Click on the Next button at the bottom of the list and you’ll be asked to decide how the data gets compressed—these can be big files, and Google needs to package them up tightly to send them to you. You can store the archive as a .zip or .tgz file; if it’s very large, it will be split into multiple files.

The data can be uploaded to the cloud with options such as Add to Drive and Add to Dropbox, or Google will email you a link for downloading the archive to your computer. (The link stays active for a week.)

Once you’ve decided, click Create Archive.

Google warns that the process may take time, but when we tried it, we had an email with a link to our admittedly small archive within moments.

Delete Your Google+ Account

Now that you have your data out of Google+, you should delete your account, instead of waiting for Google to do it. It's never a good idea to leave personal data sitting around in a dormant account, privacy experts say.

Go back to your Google+ home page and select Settings, which is on the left-hand side of the window. Next, scroll to the bottom to find the option Delete Your Google+ Profile.

When you click on this link, you may be asked to sign in again, and then a notice will pop up to make sure you really, truly want to delete your data—it’s all but impossible to do this accidentally.

The disclaimers will also clarify that deleting your Google+ account won’t delete your Search, Gmail, or Google accounts, or any photos or contacts tied to those accounts. 

Deleting the account is permanent, so if you have data that you’d like to download, follow the steps above first. Indeed, before you can delete your account, you must click a required check box acknowledging that you understand that you won’t be able to restore it.

The warning says: “Yes, I understand that deleting the Google+ Profile for [Your Name] can’t be undone and the data I delete can’t be restored.”

Click to acknowledge that, then click Delete, and you’re done.

Delete Your Other Ghost Accounts

As long as you're working to secure your Google+ data, why not take a few minutes to do away with other long-forgotten accounts that may be exposing your data to commercial use or, worse, potential loss in a data breach?

Social media hangouts, such as Bebo, Digg, Foursquare, and Myspace, along with efficiency and financial apps, such as Evernote and Mint, may have access to lots of your personal data, and some can collect data on a continuing basis.

That might be an acceptable transaction if you like and use the platforms, but if you don’t, it’s a very one-sided deal.

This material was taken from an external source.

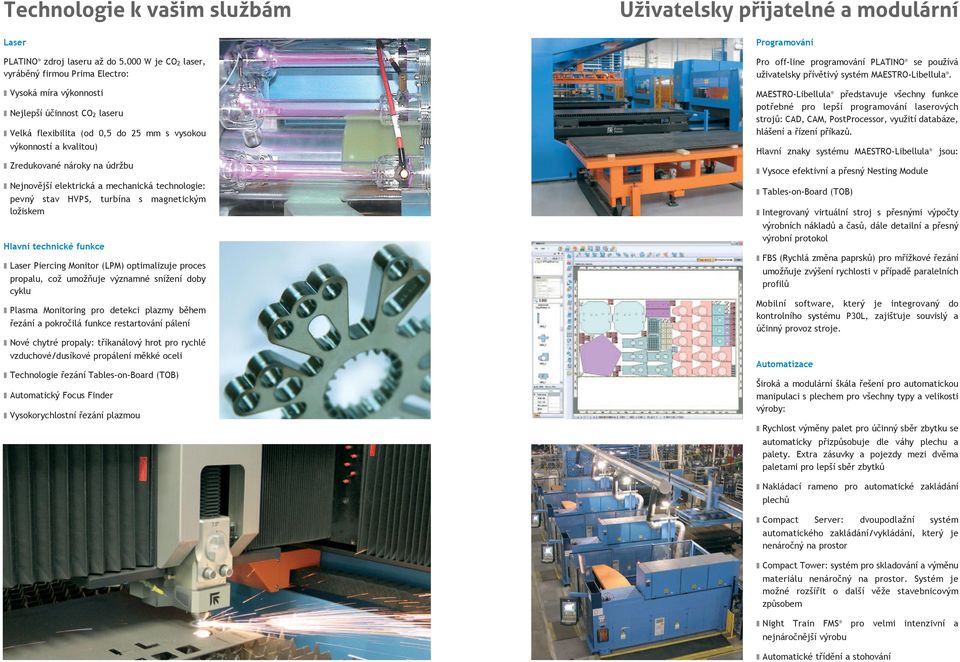 bu Nejnov j í elektrická a mechanická technologie: pevn stav HVPS, turbína s magnetick m lo iskem Hlavní technické funkce Laser Piercing Monitor (LPM) optimalizuje proces propalu, co umo uje v znamné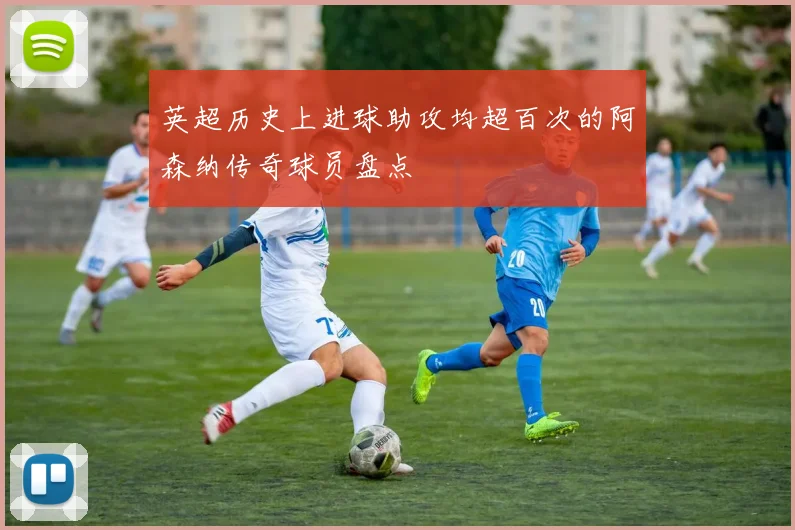 英超历史上进球助攻均超百次的阿森纳传奇球员盘点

It’s also a dangerous one for as long as the account is still open and active.

“Information from dormant profiles could potentially be used for identity theft or could be profoundly embarrassing, potentially jeopardizing relationships or your job,” says CR’s Brookman. "It’s worth taking a few minutes to see what old accounts you might have—not just Google+, but older sites like Myspace, too.”   

Part of the problem is remembering where you have accounts. Two sites, JustDeleteMe and Account Killer, may be able to help. They both have large databases of sites and apps that you can browse. When you see a site that sparks your memory, you can follow a link to the page that lets you delete your account.